Last week, at a technology conference in California, Google unveiled it’s very own self-driving car. Built from scratch, the first thing you will notice when you enter the funky two seater is that there are no manual controls – no brake pedal, gas pedal, gear shift or steering wheel. It’s completely and totally autonomous, and the only thing you need to do is tell it where you want to go.
As is the case with most self-driving vehicles, the car relies on a series of sensors and special software to do all the work. Google claims the car can detect objects out to a distance of more than two football fields in all directions, which is especially important in busy cities with lots of intersections.
Don’t expect to break land speed records, as the car is limited to 40 km/h (25 miles per hour). The interior is as exciting as the cars top speed, with little more than a set of seats, integrated role cage, and what looks like bare metal trim.
“The vehicles will be very basic—we want to learn from them and adapt them as quickly as possible—but they will take you where you want to go at the push of a button. And that’s an important step toward improving road safety and transforming mobility for millions of people,” said Chris Urmson, the Director of Self-Driving Car Project on Googles blog.

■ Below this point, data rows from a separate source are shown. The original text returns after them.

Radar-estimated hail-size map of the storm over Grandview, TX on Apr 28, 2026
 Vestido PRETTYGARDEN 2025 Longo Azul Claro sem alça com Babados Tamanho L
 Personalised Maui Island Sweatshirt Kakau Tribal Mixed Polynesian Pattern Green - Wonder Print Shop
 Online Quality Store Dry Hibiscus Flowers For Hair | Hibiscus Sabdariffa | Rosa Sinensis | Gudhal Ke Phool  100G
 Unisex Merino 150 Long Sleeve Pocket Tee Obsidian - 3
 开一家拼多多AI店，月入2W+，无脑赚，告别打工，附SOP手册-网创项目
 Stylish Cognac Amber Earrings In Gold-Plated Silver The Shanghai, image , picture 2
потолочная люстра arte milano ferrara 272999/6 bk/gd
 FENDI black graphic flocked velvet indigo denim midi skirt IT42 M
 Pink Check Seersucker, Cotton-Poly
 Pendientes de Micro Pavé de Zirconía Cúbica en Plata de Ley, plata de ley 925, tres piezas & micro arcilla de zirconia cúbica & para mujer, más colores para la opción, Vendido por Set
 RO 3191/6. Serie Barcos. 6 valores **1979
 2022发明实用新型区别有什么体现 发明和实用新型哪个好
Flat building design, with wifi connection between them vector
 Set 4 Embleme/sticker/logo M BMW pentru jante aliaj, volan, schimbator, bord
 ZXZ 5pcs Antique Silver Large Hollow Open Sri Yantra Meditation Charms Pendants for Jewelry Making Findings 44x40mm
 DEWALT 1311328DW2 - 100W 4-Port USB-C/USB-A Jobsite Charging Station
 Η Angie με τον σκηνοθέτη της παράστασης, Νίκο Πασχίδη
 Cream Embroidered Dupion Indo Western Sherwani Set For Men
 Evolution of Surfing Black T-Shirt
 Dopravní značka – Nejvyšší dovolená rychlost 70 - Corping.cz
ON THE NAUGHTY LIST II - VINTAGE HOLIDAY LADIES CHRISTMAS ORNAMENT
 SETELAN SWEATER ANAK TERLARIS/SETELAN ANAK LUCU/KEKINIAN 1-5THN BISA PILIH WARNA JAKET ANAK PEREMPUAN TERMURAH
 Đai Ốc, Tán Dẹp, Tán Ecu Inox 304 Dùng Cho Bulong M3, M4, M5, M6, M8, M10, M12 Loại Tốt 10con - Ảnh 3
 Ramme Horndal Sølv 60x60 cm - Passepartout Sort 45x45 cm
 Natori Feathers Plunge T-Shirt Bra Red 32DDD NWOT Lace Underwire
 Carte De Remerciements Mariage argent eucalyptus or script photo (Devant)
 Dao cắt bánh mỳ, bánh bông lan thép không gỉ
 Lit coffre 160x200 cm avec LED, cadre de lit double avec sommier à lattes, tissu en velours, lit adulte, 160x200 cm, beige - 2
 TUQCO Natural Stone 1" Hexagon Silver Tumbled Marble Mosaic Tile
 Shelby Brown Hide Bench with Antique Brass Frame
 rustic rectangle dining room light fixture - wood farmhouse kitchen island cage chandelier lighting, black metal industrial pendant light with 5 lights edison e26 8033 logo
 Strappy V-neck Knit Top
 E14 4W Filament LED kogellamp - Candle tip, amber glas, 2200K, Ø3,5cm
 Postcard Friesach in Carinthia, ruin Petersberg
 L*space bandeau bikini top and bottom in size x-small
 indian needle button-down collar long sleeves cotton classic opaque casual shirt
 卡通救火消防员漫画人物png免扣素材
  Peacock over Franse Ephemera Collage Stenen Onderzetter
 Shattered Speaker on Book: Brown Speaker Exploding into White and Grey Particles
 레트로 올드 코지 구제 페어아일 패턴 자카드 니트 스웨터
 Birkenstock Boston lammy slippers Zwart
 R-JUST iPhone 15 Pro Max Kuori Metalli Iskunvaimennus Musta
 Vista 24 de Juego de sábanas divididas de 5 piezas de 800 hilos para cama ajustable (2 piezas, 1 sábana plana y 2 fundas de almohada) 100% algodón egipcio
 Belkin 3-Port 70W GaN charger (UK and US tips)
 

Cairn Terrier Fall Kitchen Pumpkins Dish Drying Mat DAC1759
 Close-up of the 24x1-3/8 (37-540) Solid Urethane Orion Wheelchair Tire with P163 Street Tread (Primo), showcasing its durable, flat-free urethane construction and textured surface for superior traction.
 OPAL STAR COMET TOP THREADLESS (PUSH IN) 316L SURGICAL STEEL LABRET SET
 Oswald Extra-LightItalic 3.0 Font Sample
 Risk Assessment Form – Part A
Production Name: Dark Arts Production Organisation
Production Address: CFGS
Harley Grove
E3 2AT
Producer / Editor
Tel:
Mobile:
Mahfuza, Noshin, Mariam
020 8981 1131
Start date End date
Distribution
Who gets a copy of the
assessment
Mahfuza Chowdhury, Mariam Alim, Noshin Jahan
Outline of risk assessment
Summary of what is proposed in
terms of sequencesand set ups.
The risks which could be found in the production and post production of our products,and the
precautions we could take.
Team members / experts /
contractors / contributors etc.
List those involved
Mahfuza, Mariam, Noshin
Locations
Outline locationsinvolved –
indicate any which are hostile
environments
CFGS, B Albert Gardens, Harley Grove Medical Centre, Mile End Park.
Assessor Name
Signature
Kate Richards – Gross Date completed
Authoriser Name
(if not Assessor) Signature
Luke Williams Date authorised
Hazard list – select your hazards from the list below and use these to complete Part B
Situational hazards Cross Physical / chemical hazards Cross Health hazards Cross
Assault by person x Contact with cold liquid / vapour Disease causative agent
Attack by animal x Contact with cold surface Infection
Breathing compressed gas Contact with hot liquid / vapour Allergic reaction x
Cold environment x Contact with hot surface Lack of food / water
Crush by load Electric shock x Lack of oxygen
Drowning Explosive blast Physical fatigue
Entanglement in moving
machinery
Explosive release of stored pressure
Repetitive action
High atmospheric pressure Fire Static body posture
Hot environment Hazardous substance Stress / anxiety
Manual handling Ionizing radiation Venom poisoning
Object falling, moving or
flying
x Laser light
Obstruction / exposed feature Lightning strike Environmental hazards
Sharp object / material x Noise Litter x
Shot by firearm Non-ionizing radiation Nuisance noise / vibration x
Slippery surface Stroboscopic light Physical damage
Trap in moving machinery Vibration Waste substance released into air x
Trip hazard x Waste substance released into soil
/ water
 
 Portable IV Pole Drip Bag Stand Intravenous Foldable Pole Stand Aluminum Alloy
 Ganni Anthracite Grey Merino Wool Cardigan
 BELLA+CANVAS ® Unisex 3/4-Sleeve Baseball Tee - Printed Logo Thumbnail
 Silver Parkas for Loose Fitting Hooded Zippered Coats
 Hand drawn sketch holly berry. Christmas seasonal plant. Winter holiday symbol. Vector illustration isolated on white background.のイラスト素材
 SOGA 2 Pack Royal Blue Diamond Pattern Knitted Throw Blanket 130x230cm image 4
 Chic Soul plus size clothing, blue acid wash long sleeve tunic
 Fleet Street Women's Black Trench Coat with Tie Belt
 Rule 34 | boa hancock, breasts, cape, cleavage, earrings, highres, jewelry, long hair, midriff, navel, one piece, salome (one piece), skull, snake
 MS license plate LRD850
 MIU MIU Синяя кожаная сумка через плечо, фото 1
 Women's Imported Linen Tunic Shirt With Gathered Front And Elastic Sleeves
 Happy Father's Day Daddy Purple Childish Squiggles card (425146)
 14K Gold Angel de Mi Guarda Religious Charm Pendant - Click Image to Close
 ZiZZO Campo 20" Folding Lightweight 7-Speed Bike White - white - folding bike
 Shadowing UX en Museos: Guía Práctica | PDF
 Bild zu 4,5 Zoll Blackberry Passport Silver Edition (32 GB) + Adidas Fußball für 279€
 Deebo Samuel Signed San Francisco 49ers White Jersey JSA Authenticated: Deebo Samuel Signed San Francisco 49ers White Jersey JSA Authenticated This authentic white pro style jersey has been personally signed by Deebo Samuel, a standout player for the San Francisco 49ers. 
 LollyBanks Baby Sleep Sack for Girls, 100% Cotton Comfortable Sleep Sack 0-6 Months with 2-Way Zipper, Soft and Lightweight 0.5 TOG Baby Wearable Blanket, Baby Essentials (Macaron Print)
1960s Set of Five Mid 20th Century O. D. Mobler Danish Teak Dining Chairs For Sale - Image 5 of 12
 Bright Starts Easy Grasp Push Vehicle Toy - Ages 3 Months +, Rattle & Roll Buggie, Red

Google plans to build about a hundred prototype vehicles, and begin testing later this summer. If all goes well, Google could run a small pilot program in California within the next couple of years.
So is the future of personal transportation closer then we think?
It quite possibly is – and that’s probably a good thing.
These vehicles have the potential to make our roads much safer, alleviate gridlock, and reduce the amount of green house gases released into the air.
Drunk and distracted driving? A thing of the past.
But in a rather selfish and individualistic way, something deep down inside of me says I’m not quite ready to give up the last bit of control and personal freedom I have to a computer just yet.